My family and I left for Dnipropetrovsk but we kept calling each other. She was complaining that they took off all Ukrainian display stands, that they forced everyone to join Zakharchenko’s party, that they demanded to hail DPR, which was disgusting to her. We found a job and accommodation for her in Dnipropetrovsk. She settled the issue with the passes needed to get through the checkpoints. Then all of a sudden, she called and told us she was not coming.
It turned out that she had said at work that she was going to her sister’s (telling that you are leaving for
Ukraine is dangerous). But she didn’t make it — a man dressed in “DPR” clothes, some “security officer”, came to see her and told her to stay, “It’s all going to be all right for you, there is no need for you to leave”. Then he reminded her how she badmouthed militiamen, scolded “DPR” and voiced her pro-Ukrainian opinions. Except that she only did it while talking to her closest friends whom she confided in completely.

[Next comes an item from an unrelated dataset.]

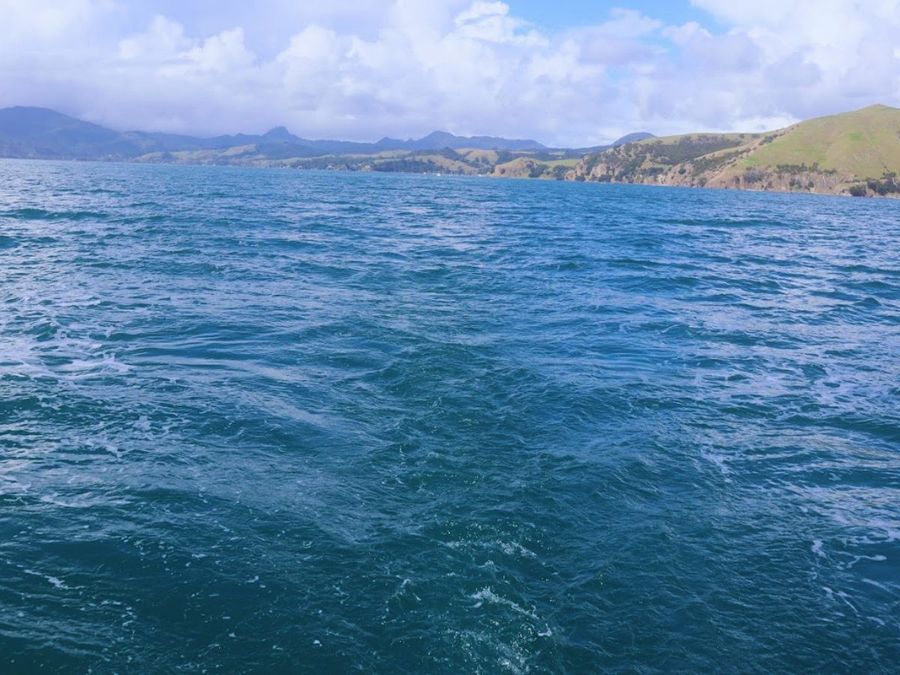 Te Kouma from afar. Photo credit: Kirsten Woodhams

“I can’t tell you everything on the phone, but I’m not coming. If they seize me on my way out, I don’t know what’s going to happen to me,” — she said.
We never talked again.
For a notebook
— A supply manager went missing in the 36th school, the one in the 88th quarter. In summer 2014, she did not let the militia inside the school. Back then, they camped around the school and wanted to occupy some of the school premises, but she did not let them. The school building also hosted a kindergarten, and the manager told the militia that the military had no business next to children. The militants ranted at first, then occupied the whole territory around the school. And she passed by their posts every day on her way to the school.
Then she got captured. It turned out that she was noting down the militants’ moves — how many of them came or left, and at what time. Only none of her colleagues believes she was a Ukrainian spy as she did not even try to hide the notebook – she always had it in places where everyone could see it.

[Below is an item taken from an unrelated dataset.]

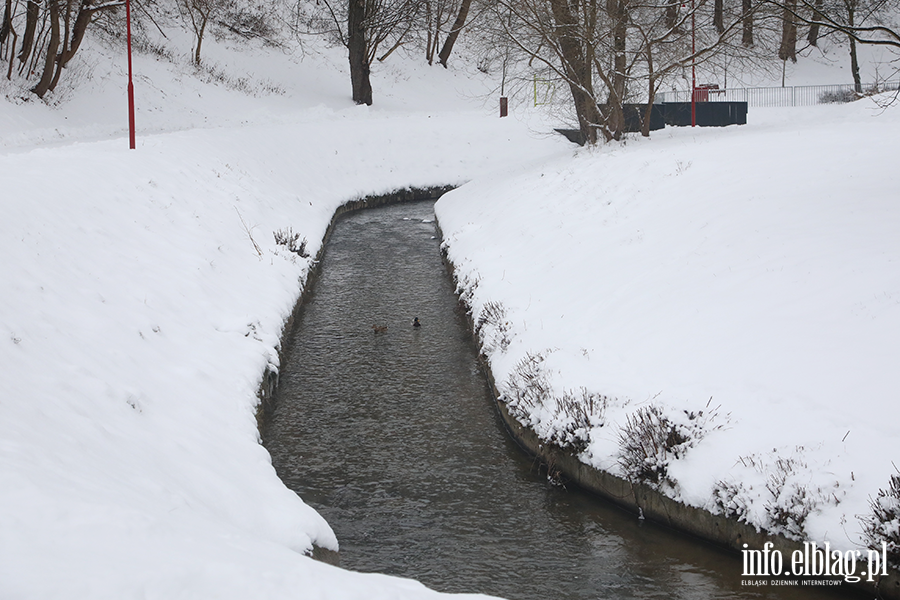 Park dolinka w zimowy wydaniu, fot. 32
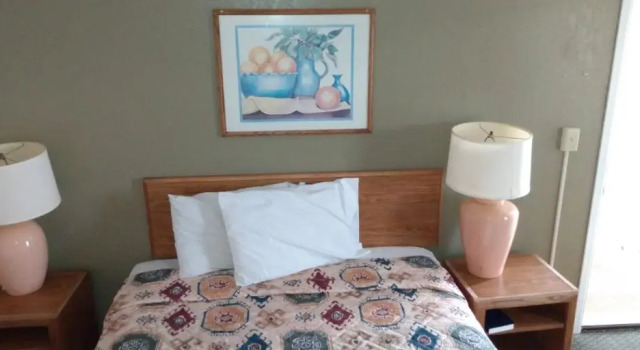 Номер Standard Mountain View Motel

Those who knew her said she was generally a weird and stern woman. She was fond of recording, registering and counting everything. She had lots of notebooks where she kept her records of virtually everything – she would measure the weight in kg of building supplies delivered to the school or wander around the school taking down and numbering everything. She was very keen on numbers.
After she had been captured by the militants, she was lost and nobody saw her ever since. I think she would have turned up if she’d still been alive. But since she hadn’t, she might have been killed.